Maybe I'm just showing my age, but in contrast, the First Order seems to be run by children. Kylo Ren and General Hux are slashfic fodder. And they're trying to rebuild something they never knew first-hand, but which they know will give them the power they feel they're entitled to as… well, as descendants of people who used to be in power. They idolize a past the rest of the galaxy rightfully fears.
If only Steve Bannon was an emo wannabe Sith and Reince Priebus was a delightfully uptight redhead. I’d ship it if I wasn’t genuinely terrified of it all.
And it's not just Star Wars. There’s a running storyline in the Transformers: Lost Light comic about an alternate universe where Megatron was never “born” and, left unchallenged, the Cybertronian government evolved into a Functionist dystopia where what you turn into determines your role in life, the government culls those it considers obsolete, and all other life in the universe is declared The Enemy in the name of consolidating power for a holy war. It’s a good story. It’s also a scary one.

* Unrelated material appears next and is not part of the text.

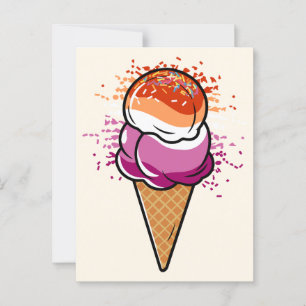 Niedliche Lesbische Sapphic LGBT Flag Eiscreme Postkarte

Given the time between writing a comic and the thing actually being published, it’s no big surprise Lost Light’s writer is British. They were the first to fall. I like to call that alternate universe the Brexit Timeline.
And none of this is to say that these stories become less valuable when they change from warning to direct metaphor, when what they warn against is no longer hypothetical. But the evil empires stop being fun. They stop being something you want to dress up as, something you want toys of. Kylo Ren has stopped being sad-puppy slashfic fodder and become something that hits just a little too close to home as we watch a generation of young men who were specifically targeted for radicalization because they were sad they couldn’t get dates rise to positions of actual power with the aid of the Russian government — Putin as their Snoke.
In a way, these stories are more valuable now, even when they’re not as fun, even when they’re scary in a way they weren’t before. The Kylo Ren figure on my desk has been replaced by Rogue One’s Jyn Erso. The villains were fun when they were only a fantasy. Now we need the heroes.